Fine print: New technique allows fast printing of microscopic electronics
A new technique for printing extraordinarily thin lines quickly over wide areas could lead to larger, less expensive and more versatile electronic displays as well new medical devices, sensors and other technologies. Solving a fundamental and long-standing quandary, chemical engineers at Princeton developed a method for shooting stable jets of electrically charged liquids from a wide nozzle. The technique, which produced lines just 100 nanometers wide, offers at least 10 times better resolution than ink-jet printing and far more speed and ease than conventional nanotechnology.
"It is a liquid delivery system on a micro scale," said Ilhan Aksay, professor of chemical engineering. "And it becomes a true writing technology."
Aksay and graduate student Sibel Korkut published the results in Physical Review Letters. The paper also includes as a co-author Dudley Saville, a chemical engineering professor who initiated the project but died in 2006. The research was funded by grants from the Army Research Office, the National Science Foundation and NASA.
The key to the process is something called an "electrohydrodynamic (EHD) jet" - a stream of liquid forced from a nozzle by a very strong electric field. Such jets were first investigated in 1917 and are now commonly used in a variety of industrial processes. However, one of the main features of EHD jets is that the stream of liquid becomes unstable soon after it leaves the nozzle and either whips around uncontrollably or breaks up into fine liquid drops. Engineers have used these effects to their advantage in spinning fibers and in industrial electrospray painting, but the reason for the whipping instability, and thus any hope of stopping it, has been a long-standing problem.
In the early part of this decade, two researchers working independently - Princeton graduate student Hak Poon and Cornell University physicist Harold Craighead - found that the jet was stable for a very short distance after leaving the nozzle, but the result was still not practical and the reasons were still elusive. "To understand how to control the jet in any engineering application we had to understand why this was happening," Aksay said.
Korkut took up the challenge and worked for nearly six years to nail down the mechanisms at play. In the end, she found that a key factor was that the liquid jet was transferring some of its electrical charge to the surrounding gas, which breaks into charged particles and carries some of the electrical current. Korkut's predecessors and other scientists had looked only at the density of the electrical charges on the surface of the liquid jet.
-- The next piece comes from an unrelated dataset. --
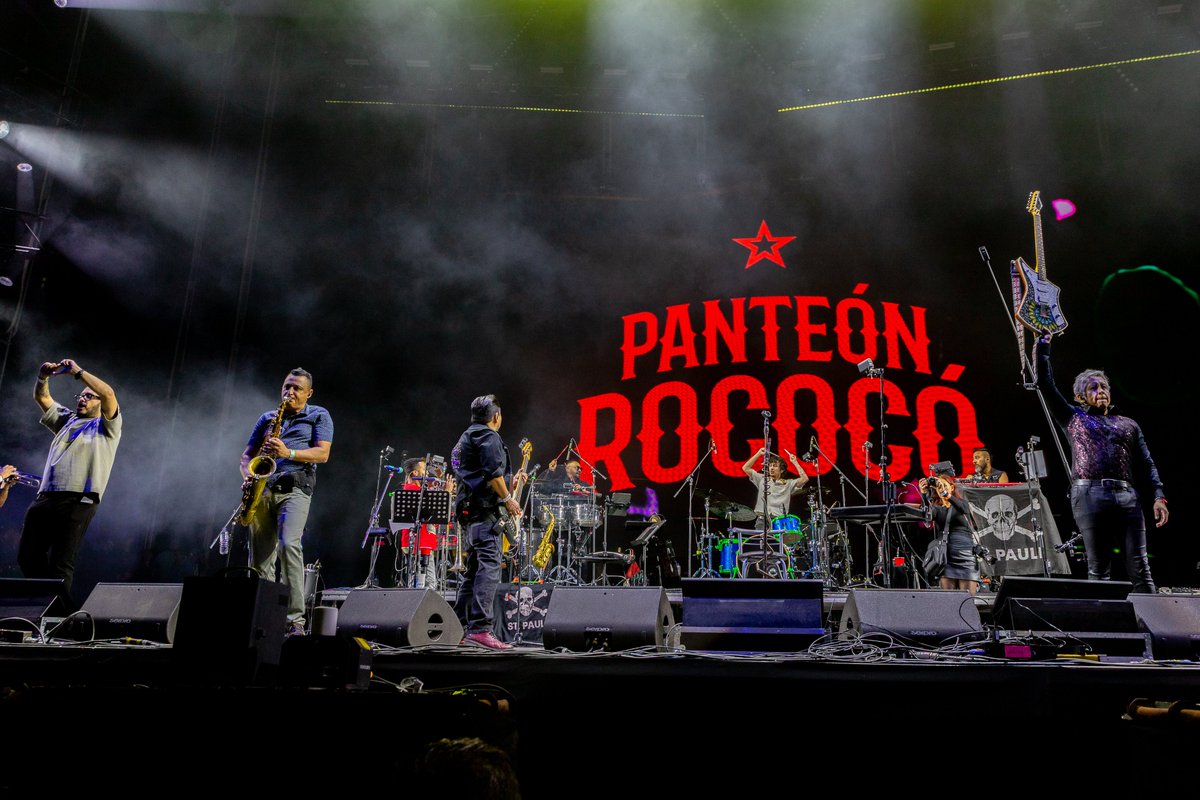 PueblaRealMx's tweet image. Tecate Comuna 2025 llenó el Foro Cholula con miles de asistentes y actuaciones memorables. Rock, ska, metal y pop en un festival que agotó boletos con semanas de anticipación. @TecateComuna @forocholula #Puebla #TecateComuna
Expanding her view of the system led Korkut to a simple way to control the stability of the jet by changing the gas and the amount of water vapor. She was able to produce an extremely straight and stable jet more than 8 millimeters from the nozzle. The result is highly practical not only because of the fineness of the stream but also because the large size of the nozzle and the distance from the nozzle to the printed surface will prevent clogs or jams.
Aksay said a chief use for the technique could be in printing electrically conducting organic polymers (plastics) that could be the basis for large electronic devices. Conventional techniques for making wires of that size (100 nanometers) require laboriously etching the lines with a beam of electrons, which can only be done in very small areas. The new technique can lay down lines at the rate of meters per second as opposed to millionths of a meter per second. Another application would be to use a liquid that solidifies into a fiber for making precise three-dimensional lattices. Such a product could be used as a scaffold to promote blood clotting in wounds and in other medical devices.
Princeton University has filed for a patent on the discovery and has licensed rights to Vorbeck Materials Corp., a specialty chemical company based in Maryland.